▶ **TASK INSTRUCTIONS**
Using the listing below, select the lines with the word "feet" and copy them.
-- SOURCE MATERIAL follows --
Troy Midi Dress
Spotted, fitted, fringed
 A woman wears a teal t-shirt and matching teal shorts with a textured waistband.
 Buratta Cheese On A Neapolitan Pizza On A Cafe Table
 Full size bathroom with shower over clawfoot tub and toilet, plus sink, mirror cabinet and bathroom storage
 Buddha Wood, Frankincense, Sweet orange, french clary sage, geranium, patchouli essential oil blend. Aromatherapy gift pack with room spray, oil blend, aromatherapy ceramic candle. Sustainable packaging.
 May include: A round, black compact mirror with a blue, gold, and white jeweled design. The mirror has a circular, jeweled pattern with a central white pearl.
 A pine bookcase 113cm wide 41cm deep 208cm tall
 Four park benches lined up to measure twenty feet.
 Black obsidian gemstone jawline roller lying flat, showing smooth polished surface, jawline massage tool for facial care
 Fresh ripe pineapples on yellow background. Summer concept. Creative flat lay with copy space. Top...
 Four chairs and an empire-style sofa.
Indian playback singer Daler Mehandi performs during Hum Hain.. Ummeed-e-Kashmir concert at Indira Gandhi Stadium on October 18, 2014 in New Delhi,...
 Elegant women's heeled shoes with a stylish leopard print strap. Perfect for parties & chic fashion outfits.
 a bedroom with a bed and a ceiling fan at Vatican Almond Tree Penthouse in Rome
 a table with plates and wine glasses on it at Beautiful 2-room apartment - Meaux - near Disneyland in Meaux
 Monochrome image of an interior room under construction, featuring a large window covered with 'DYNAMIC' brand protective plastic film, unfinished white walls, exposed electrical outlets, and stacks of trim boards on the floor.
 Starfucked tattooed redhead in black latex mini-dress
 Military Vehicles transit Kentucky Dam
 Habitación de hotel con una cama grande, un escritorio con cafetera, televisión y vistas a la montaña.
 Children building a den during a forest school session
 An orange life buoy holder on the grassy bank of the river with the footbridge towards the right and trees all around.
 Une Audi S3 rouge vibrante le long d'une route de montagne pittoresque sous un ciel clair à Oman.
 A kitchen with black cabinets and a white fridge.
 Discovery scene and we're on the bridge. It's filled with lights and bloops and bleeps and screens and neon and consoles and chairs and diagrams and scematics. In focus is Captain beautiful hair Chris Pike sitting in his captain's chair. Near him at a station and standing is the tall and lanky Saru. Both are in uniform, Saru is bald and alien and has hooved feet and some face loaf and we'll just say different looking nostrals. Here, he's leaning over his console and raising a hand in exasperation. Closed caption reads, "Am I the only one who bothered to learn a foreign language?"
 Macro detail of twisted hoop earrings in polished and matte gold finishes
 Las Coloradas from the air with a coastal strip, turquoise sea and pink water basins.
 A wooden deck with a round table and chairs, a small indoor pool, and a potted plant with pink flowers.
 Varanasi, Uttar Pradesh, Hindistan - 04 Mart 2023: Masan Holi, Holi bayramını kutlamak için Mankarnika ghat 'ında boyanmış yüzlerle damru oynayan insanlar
-- SOURCE MATERIAL concluded --
▶ **YOUR SOLUTION**
 Four park benches lined up to measure twenty feet.
 Discovery scene and we're on the bridge. It's filled with lights and bloops and bleeps and screens and neon and consoles and chairs and diagrams and scematics. In focus is Captain beautiful hair Chris Pike sitting in his captain's chair. Near him at a station and standing is the tall and lanky Saru. Both are in uniform, Saru is bald and alien and has hooved feet and some face loaf and we'll just say different looking nostrals. Here, he's leaning over his console and raising a hand in exasperation. Closed caption reads, "Am I the only one who bothered to learn a foreign language?"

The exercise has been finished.